TASK STATEMENT: Every record listed below should be copied exactly.

Source data
********
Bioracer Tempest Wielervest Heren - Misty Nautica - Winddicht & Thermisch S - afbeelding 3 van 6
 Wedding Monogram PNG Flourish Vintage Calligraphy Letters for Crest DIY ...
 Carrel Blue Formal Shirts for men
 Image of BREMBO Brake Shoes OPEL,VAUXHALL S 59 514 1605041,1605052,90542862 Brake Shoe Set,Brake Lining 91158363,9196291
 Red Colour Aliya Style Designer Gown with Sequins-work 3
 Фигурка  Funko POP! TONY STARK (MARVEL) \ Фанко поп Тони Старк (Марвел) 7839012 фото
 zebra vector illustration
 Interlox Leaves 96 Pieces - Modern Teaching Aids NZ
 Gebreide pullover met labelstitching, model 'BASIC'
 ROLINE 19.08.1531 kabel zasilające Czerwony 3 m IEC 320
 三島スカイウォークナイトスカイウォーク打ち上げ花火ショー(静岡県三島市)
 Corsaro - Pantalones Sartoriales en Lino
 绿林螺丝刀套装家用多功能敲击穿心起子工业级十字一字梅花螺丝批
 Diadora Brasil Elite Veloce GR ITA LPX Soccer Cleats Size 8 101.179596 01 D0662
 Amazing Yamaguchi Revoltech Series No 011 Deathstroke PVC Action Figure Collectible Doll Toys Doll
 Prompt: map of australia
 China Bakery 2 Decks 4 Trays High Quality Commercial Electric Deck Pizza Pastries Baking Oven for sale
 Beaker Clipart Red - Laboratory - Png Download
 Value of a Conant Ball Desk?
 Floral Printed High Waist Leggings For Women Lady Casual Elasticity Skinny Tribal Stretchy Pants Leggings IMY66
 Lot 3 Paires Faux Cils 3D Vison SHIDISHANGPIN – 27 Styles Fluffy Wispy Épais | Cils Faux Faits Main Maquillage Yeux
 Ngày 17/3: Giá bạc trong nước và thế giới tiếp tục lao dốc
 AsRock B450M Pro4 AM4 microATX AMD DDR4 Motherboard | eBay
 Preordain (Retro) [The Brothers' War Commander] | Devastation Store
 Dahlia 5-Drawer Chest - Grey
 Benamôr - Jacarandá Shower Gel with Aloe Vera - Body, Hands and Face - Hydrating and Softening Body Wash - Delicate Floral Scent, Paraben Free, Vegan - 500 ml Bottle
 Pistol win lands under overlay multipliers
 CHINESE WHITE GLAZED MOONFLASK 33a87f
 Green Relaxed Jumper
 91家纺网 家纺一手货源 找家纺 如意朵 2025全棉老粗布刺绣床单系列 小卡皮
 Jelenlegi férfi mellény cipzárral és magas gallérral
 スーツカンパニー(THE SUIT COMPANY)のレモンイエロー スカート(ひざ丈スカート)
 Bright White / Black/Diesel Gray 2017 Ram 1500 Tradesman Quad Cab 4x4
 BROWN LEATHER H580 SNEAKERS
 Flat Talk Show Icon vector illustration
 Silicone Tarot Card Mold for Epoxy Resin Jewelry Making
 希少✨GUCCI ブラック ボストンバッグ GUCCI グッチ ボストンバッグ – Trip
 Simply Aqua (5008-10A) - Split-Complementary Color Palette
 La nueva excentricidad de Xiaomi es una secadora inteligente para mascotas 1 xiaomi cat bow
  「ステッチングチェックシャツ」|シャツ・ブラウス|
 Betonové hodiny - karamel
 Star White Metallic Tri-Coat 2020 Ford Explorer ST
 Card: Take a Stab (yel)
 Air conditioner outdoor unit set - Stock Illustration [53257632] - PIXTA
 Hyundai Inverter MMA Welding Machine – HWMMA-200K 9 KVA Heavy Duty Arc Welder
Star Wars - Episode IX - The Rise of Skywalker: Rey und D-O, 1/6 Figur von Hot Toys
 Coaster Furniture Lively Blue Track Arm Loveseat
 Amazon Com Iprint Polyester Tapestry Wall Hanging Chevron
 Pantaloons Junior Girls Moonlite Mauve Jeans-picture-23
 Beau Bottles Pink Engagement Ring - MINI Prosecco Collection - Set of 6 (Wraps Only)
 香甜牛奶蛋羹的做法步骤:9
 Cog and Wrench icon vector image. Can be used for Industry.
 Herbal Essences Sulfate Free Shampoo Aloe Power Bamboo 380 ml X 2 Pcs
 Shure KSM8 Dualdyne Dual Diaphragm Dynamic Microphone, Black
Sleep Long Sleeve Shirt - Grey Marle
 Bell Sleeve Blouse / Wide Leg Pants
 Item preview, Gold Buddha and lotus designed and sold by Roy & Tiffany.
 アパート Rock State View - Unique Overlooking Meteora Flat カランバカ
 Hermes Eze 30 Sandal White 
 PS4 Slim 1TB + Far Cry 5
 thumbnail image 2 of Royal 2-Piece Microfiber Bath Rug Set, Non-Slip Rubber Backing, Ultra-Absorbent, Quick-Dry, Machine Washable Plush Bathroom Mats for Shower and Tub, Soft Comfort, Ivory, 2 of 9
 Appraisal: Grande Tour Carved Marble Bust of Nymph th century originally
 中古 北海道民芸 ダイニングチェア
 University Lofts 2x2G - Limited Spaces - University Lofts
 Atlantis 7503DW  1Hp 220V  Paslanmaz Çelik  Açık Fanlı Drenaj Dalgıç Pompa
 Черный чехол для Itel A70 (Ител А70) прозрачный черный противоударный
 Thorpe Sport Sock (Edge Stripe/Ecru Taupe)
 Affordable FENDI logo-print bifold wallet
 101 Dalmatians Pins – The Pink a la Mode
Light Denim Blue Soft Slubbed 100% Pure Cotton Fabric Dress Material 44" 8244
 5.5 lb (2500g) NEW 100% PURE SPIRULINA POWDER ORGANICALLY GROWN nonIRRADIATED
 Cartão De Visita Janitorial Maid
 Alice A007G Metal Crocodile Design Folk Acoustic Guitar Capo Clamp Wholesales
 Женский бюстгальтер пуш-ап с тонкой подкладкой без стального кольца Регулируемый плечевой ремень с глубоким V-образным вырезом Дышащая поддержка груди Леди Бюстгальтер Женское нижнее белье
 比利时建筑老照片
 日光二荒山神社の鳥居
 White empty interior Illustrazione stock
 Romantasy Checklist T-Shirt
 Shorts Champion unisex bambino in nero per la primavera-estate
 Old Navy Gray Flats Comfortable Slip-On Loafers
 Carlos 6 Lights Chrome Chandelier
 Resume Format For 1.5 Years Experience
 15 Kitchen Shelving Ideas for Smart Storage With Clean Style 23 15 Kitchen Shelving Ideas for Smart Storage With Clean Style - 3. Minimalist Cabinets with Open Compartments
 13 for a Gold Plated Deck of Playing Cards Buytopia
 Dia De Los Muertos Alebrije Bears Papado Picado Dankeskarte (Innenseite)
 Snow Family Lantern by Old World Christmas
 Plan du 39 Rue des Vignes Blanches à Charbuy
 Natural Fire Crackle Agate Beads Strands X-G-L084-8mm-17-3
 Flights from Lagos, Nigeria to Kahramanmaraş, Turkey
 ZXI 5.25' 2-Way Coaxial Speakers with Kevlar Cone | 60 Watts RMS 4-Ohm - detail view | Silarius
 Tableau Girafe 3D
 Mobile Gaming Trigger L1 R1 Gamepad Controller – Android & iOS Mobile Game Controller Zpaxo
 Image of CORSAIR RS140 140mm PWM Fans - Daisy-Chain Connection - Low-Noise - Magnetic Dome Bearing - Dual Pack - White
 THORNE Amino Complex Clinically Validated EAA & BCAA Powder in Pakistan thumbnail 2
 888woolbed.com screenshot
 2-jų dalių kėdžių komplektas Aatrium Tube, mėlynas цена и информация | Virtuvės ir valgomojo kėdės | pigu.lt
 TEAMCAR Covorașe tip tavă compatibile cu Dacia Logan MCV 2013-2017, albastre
********
YOUR RESPONSE:
Bioracer Tempest Wielervest Heren - Misty Nautica - Winddicht & Thermisch S - afbeelding 3 van 6
 Wedding Monogram PNG Flourish Vintage Calligraphy Letters for Crest DIY ...
 Carrel Blue Formal Shirts for men
 Image of BREMBO Brake Shoes OPEL,VAUXHALL S 59 514 1605041,1605052,90542862 Brake Shoe Set,Brake Lining 91158363,9196291
 Red Colour Aliya Style Designer Gown with Sequins-work 3
 Фигурка  Funko POP! TONY STARK (MARVEL) \ Фанко поп Тони Старк (Марвел) 7839012 фото
 zebra vector illustration
 Interlox Leaves 96 Pieces - Modern Teaching Aids NZ
 Gebreide pullover met labelstitching, model 'BASIC'
 ROLINE 19.08.1531 kabel zasilające Czerwony 3 m IEC 320
 三島スカイウォークナイトスカイウォーク打ち上げ花火ショー(静岡県三島市)
 Corsaro - Pantalones Sartoriales en Lino
 绿林螺丝刀套装家用多功能敲击穿心起子工业级十字一字梅花螺丝批
 Diadora Brasil Elite Veloce GR ITA LPX Soccer Cleats Size 8 101.179596 01 D0662
 Amazing Yamaguchi Revoltech Series No 011 Deathstroke PVC Action Figure Collectible Doll Toys Doll
 Prompt: map of australia
 China Bakery 2 Decks 4 Trays High Quality Commercial Electric Deck Pizza Pastries Baking Oven for sale
 Beaker Clipart Red - Laboratory - Png Download
 Value of a Conant Ball Desk?
 Floral Printed High Waist Leggings For Women Lady Casual Elasticity Skinny Tribal Stretchy Pants Leggings IMY66
 Lot 3 Paires Faux Cils 3D Vison SHIDISHANGPIN – 27 Styles Fluffy Wispy Épais | Cils Faux Faits Main Maquillage Yeux
 Ngày 17/3: Giá bạc trong nước và thế giới tiếp tục lao dốc
 AsRock B450M Pro4 AM4 microATX AMD DDR4 Motherboard | eBay
 Preordain (Retro) [The Brothers' War Commander] | Devastation Store
 Dahlia 5-Drawer Chest - Grey
 Benamôr - Jacarandá Shower Gel with Aloe Vera - Body, Hands and Face - Hydrating and Softening Body Wash - Delicate Floral Scent, Paraben Free, Vegan - 500 ml Bottle
 Pistol win lands under overlay multipliers
 CHINESE WHITE GLAZED MOONFLASK 33a87f
 Green Relaxed Jumper
 91家纺网 家纺一手货源 找家纺 如意朵 2025全棉老粗布刺绣床单系列 小卡皮
 Jelenlegi férfi mellény cipzárral és magas gallérral
 スーツカンパニー(THE SUIT COMPANY)のレモンイエロー スカート(ひざ丈スカート)
 Bright White / Black/Diesel Gray 2017 Ram 1500 Tradesman Quad Cab 4x4
 BROWN LEATHER H580 SNEAKERS
 Flat Talk Show Icon vector illustration
 Silicone Tarot Card Mold for Epoxy Resin Jewelry Making
 希少✨GUCCI ブラック ボストンバッグ GUCCI グッチ ボストンバッグ – Trip
 Simply Aqua (5008-10A) - Split-Complementary Color Palette
 La nueva excentricidad de Xiaomi es una secadora inteligente para mascotas 1 xiaomi cat bow
  「ステッチングチェックシャツ」|シャツ・ブラウス|
 Betonové hodiny - karamel
 Star White Metallic Tri-Coat 2020 Ford Explorer ST
 Card: Take a Stab (yel)
 Air conditioner outdoor unit set - Stock Illustration [53257632] - PIXTA
 Hyundai Inverter MMA Welding Machine – HWMMA-200K 9 KVA Heavy Duty Arc Welder
Star Wars - Episode IX - The Rise of Skywalker: Rey und D-O, 1/6 Figur von Hot Toys
 Coaster Furniture Lively Blue Track Arm Loveseat
 Amazon Com Iprint Polyester Tapestry Wall Hanging Chevron
 Pantaloons Junior Girls Moonlite Mauve Jeans-picture-23
 Beau Bottles Pink Engagement Ring - MINI Prosecco Collection - Set of 6 (Wraps Only)
 香甜牛奶蛋羹的做法步骤:9
 Cog and Wrench icon vector image. Can be used for Industry.
 Herbal Essences Sulfate Free Shampoo Aloe Power Bamboo 380 ml X 2 Pcs
 Shure KSM8 Dualdyne Dual Diaphragm Dynamic Microphone, Black
Sleep Long Sleeve Shirt - Grey Marle
 Bell Sleeve Blouse / Wide Leg Pants
 Item preview, Gold Buddha and lotus designed and sold by Roy & Tiffany.
 アパート Rock State View - Unique Overlooking Meteora Flat カランバカ
 Hermes Eze 30 Sandal White 
 PS4 Slim 1TB + Far Cry 5
 thumbnail image 2 of Royal 2-Piece Microfiber Bath Rug Set, Non-Slip Rubber Backing, Ultra-Absorbent, Quick-Dry, Machine Washable Plush Bathroom Mats for Shower and Tub, Soft Comfort, Ivory, 2 of 9
 Appraisal: Grande Tour Carved Marble Bust of Nymph th century originally
 中古 北海道民芸 ダイニングチェア
 University Lofts 2x2G - Limited Spaces - University Lofts
 Atlantis 7503DW  1Hp 220V  Paslanmaz Çelik  Açık Fanlı Drenaj Dalgıç Pompa
 Черный чехол для Itel A70 (Ител А70) прозрачный черный противоударный
 Thorpe Sport Sock (Edge Stripe/Ecru Taupe)
 Affordable FENDI logo-print bifold wallet
 101 Dalmatians Pins – The Pink a la Mode
Light Denim Blue Soft Slubbed 100% Pure Cotton Fabric Dress Material 44" 8244
 5.5 lb (2500g) NEW 100% PURE SPIRULINA POWDER ORGANICALLY GROWN nonIRRADIATED
 Cartão De Visita Janitorial Maid
 Alice A007G Metal Crocodile Design Folk Acoustic Guitar Capo Clamp Wholesales
 Женский бюстгальтер пуш-ап с тонкой подкладкой без стального кольца Регулируемый плечевой ремень с глубоким V-образным вырезом Дышащая поддержка груди Леди Бюстгальтер Женское нижнее белье
 比利时建筑老照片
 日光二荒山神社の鳥居
 White empty interior Illustrazione stock
 Romantasy Checklist T-Shirt
 Shorts Champion unisex bambino in nero per la primavera-estate
 Old Navy Gray Flats Comfortable Slip-On Loafers
 Carlos 6 Lights Chrome Chandelier
 Resume Format For 1.5 Years Experience
 15 Kitchen Shelving Ideas for Smart Storage With Clean Style 23 15 Kitchen Shelving Ideas for Smart Storage With Clean Style - 3. Minimalist Cabinets with Open Compartments
 13 for a Gold Plated Deck of Playing Cards Buytopia
 Dia De Los Muertos Alebrije Bears Papado Picado Dankeskarte (Innenseite)
 Snow Family Lantern by Old World Christmas
 Plan du 39 Rue des Vignes Blanches à Charbuy
 Natural Fire Crackle Agate Beads Strands X-G-L084-8mm-17-3
 Flights from Lagos, Nigeria to Kahramanmaraş, Turkey
 ZXI 5.25' 2-Way Coaxial Speakers with Kevlar Cone | 60 Watts RMS 4-Ohm - detail view | Silarius
 Tableau Girafe 3D
 Mobile Gaming Trigger L1 R1 Gamepad Controller – Android & iOS Mobile Game Controller Zpaxo
 Image of CORSAIR RS140 140mm PWM Fans - Daisy-Chain Connection - Low-Noise - Magnetic Dome Bearing - Dual Pack - White
 THORNE Amino Complex Clinically Validated EAA & BCAA Powder in Pakistan thumbnail 2
 888woolbed.com screenshot
 2-jų dalių kėdžių komplektas Aatrium Tube, mėlynas цена и информация | Virtuvės ir valgomojo kėdės | pigu.lt
 TEAMCAR Covorașe tip tavă compatibile cu Dacia Logan MCV 2013-2017, albastre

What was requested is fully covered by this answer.